Certain transactions may not appear in your cash flow statement, causing mismatches in specific periods. Two frequent causes are accumulated depreciation and retained earnings. Standard cash flow statements often exclude these items by design, which can lead to discrepancies.

If your cash flow check is off for every period, it generally points to a broader modeling issue rather than a localized problem with retained earnings or accumulated depreciation.

Basics

The cash flow statement tracks changes from most balance sheet items but does not automatically recognize accumulated depreciation and retained earnings. It also excludes direct movements in the bank account, because calculating those inflows and outflows is the main purpose of a cash flow statement.

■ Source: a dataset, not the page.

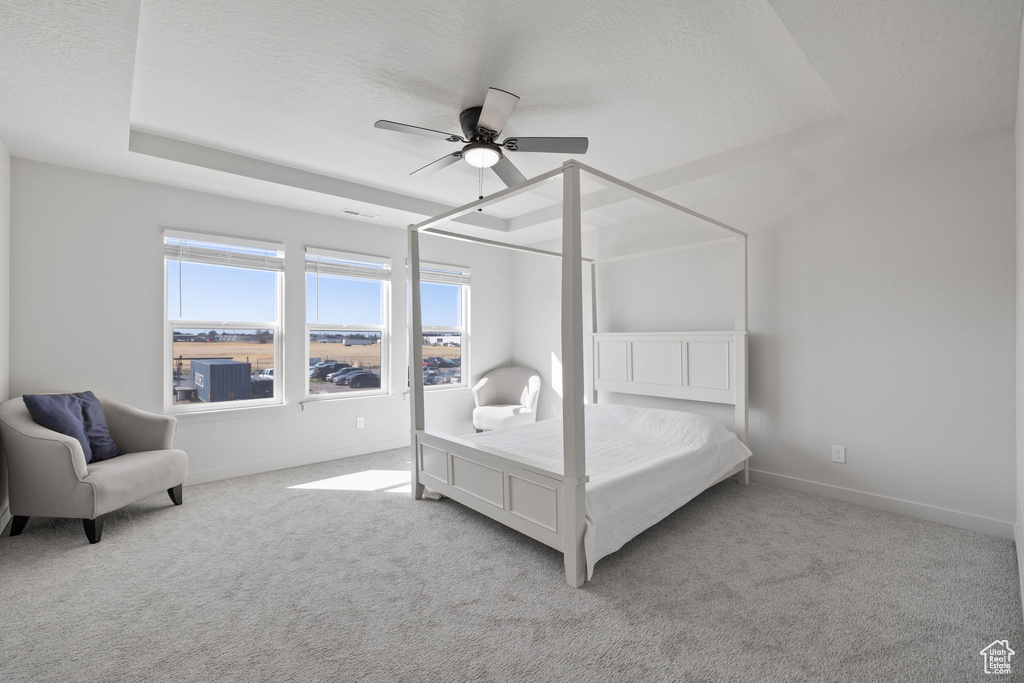 Bedroom featuring ceiling fan, light colored carpet, a textured ceiling, and a raised ceiling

If a transaction affects any of these excluded items – alongside a typical balance sheet account – only part of the entry is captured, creating a discrepancy in your estimated cash flow.

Resolution steps

If this issue appears only in certain periods but the rest of your setup looks correct, consider these steps:

1

Check retained earnings and accumulated depreciation

Examine these accounts for unusual or unexpected transactions. Confirm whether any such entries genuinely belong outside the cash flow statement.

2

Identify the corresponding entries

Locate the double entry (or offsetting transactions) associated with retained earnings or accumulated depreciation. Make sure that the relevant portion of each transaction appears in the cash flow statement where needed.

3

Manually adjust

Add a manual adjustment line to your cash flow statement to account for the missing piece of the transaction. Document why this entry is necessary to help anyone reviewing the model later.